BEGIN Source data

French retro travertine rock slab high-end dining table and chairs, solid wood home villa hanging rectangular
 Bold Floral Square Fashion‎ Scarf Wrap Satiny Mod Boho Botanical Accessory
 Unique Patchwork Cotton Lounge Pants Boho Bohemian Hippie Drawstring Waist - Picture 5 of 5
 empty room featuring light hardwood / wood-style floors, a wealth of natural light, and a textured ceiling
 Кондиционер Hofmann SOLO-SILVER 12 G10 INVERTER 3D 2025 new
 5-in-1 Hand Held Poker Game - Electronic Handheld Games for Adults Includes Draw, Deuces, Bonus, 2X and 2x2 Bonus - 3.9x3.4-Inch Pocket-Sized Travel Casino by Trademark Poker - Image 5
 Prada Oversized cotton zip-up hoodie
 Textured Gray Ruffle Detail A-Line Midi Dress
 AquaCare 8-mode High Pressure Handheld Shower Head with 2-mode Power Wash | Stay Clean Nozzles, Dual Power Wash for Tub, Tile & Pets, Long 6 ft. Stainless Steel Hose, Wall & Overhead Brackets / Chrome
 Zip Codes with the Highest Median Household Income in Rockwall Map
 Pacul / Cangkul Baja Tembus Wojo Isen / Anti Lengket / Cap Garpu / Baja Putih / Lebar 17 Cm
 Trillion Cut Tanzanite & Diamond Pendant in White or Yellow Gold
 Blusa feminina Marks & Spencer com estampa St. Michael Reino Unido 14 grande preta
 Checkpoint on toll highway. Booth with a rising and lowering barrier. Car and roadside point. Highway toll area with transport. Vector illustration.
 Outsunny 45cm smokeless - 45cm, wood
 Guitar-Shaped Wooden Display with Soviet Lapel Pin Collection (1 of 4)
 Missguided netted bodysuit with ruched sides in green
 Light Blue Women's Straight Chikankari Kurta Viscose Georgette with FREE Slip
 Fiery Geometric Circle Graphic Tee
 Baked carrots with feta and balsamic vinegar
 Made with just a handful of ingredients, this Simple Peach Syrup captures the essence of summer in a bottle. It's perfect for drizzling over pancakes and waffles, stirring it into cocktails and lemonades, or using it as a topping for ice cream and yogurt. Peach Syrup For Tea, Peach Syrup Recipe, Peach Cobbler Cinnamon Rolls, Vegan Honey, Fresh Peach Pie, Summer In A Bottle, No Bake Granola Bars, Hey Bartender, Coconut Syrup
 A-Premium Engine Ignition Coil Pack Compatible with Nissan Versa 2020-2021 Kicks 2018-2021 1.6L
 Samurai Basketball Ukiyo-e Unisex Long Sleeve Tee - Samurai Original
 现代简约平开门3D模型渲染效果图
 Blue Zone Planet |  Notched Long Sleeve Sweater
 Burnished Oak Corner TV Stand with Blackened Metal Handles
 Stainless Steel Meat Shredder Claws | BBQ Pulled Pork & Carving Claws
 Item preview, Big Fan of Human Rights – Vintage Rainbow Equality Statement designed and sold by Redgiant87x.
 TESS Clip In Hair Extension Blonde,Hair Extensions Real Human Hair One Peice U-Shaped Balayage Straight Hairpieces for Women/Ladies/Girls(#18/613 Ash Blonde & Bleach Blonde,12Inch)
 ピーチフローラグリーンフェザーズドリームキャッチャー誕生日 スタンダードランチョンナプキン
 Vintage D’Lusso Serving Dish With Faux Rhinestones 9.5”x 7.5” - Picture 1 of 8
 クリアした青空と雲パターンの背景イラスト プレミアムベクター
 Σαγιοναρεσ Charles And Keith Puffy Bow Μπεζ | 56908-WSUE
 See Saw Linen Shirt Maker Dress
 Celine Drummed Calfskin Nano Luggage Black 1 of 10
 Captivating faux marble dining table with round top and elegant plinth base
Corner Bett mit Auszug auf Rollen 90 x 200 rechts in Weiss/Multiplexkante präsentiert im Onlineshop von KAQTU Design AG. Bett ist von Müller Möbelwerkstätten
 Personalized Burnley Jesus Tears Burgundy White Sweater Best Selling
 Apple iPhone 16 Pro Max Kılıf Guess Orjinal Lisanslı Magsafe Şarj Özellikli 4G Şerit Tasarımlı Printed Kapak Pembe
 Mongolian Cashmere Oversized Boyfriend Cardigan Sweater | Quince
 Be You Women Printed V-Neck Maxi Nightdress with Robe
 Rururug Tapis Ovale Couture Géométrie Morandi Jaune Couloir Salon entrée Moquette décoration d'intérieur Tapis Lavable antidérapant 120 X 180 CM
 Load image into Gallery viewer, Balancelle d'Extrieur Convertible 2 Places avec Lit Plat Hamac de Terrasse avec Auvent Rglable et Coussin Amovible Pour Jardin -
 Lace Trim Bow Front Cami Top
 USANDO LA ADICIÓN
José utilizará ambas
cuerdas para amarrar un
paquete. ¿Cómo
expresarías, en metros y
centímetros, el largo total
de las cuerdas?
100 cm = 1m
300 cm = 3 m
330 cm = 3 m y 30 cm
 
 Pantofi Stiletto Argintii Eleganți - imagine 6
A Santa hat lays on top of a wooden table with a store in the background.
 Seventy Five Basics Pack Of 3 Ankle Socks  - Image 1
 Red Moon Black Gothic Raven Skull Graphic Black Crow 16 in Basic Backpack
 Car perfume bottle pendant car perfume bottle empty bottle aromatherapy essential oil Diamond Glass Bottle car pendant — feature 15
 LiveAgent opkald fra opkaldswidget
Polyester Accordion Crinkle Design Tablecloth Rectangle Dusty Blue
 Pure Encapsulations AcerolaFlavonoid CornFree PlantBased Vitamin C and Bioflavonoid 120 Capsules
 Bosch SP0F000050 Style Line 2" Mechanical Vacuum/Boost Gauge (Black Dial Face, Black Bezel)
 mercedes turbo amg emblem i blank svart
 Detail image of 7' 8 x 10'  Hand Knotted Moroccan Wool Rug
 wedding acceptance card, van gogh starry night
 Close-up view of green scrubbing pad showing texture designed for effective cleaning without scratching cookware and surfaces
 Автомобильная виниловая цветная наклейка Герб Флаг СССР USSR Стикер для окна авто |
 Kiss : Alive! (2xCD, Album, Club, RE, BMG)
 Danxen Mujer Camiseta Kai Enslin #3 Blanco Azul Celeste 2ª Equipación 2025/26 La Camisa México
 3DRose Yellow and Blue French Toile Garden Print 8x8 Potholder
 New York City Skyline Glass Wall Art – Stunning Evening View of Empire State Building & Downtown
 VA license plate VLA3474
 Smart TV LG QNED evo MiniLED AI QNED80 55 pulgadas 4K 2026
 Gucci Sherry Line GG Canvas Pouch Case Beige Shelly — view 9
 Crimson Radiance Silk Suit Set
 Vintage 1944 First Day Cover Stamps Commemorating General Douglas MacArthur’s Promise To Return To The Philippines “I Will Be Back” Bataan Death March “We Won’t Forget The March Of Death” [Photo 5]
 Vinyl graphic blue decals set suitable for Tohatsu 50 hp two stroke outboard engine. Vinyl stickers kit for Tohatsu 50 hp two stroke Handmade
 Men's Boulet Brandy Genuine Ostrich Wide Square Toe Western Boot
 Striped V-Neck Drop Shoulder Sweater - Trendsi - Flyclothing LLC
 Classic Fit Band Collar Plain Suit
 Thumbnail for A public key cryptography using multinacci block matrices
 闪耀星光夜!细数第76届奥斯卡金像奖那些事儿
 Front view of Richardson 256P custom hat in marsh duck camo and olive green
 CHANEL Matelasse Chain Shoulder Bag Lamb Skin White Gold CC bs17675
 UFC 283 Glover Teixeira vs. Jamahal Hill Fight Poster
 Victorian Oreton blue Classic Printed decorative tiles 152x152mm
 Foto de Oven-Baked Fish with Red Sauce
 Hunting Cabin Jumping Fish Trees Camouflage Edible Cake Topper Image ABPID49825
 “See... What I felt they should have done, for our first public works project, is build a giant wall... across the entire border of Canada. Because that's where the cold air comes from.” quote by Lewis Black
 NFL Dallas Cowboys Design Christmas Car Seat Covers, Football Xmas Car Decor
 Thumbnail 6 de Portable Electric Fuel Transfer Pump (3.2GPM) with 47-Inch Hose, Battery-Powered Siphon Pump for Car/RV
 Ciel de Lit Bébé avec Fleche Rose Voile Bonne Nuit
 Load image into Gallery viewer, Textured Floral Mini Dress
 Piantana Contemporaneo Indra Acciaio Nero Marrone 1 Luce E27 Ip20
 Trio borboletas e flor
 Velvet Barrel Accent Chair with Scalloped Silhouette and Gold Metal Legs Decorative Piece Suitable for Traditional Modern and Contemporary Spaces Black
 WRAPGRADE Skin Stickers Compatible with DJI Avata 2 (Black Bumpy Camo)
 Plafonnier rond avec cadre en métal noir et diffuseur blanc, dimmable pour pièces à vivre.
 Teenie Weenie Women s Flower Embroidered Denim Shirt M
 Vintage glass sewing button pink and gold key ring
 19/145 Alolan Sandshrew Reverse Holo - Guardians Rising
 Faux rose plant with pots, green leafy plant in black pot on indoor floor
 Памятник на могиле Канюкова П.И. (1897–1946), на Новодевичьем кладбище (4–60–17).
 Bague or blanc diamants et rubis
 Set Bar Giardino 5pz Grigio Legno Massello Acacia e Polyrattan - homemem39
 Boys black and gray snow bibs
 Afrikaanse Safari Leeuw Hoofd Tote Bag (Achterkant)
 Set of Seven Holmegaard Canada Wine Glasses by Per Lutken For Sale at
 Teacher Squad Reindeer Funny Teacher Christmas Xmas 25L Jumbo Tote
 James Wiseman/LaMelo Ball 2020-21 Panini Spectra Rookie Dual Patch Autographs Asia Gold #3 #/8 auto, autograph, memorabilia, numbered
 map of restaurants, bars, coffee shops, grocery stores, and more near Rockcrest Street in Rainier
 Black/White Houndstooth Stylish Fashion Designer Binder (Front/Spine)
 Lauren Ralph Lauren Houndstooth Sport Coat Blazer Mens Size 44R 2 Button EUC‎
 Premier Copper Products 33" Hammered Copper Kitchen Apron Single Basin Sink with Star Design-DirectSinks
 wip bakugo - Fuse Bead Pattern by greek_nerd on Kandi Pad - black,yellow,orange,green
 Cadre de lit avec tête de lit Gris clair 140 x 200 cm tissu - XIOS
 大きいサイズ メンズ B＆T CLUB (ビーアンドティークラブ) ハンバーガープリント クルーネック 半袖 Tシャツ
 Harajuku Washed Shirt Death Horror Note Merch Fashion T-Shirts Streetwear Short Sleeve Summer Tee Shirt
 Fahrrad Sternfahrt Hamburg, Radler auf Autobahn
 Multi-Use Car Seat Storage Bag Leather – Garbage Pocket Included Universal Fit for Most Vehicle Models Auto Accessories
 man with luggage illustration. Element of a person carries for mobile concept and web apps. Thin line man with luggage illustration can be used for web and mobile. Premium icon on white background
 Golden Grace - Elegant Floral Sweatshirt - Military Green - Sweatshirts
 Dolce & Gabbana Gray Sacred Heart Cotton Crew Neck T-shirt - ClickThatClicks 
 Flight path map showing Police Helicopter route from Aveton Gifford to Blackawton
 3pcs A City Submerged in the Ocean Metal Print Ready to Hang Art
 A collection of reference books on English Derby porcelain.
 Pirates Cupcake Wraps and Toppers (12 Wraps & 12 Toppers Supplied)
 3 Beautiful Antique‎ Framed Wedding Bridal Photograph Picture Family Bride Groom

END Source data

Look above for the line holding "Celine Drummed Calfskin" and the line holding "Personalized Burnley Jesus". Retype both, and every line between them, word for word and nothing else.

 Celine Drummed Calfskin Nano Luggage Black 1 of 10
 Captivating faux marble dining table with round top and elegant plinth base
Corner Bett mit Auszug auf Rollen 90 x 200 rechts in Weiss/Multiplexkante präsentiert im Onlineshop von KAQTU Design AG. Bett ist von Müller Möbelwerkstätten
 Personalized Burnley Jesus Tears Burgundy White Sweater Best Selling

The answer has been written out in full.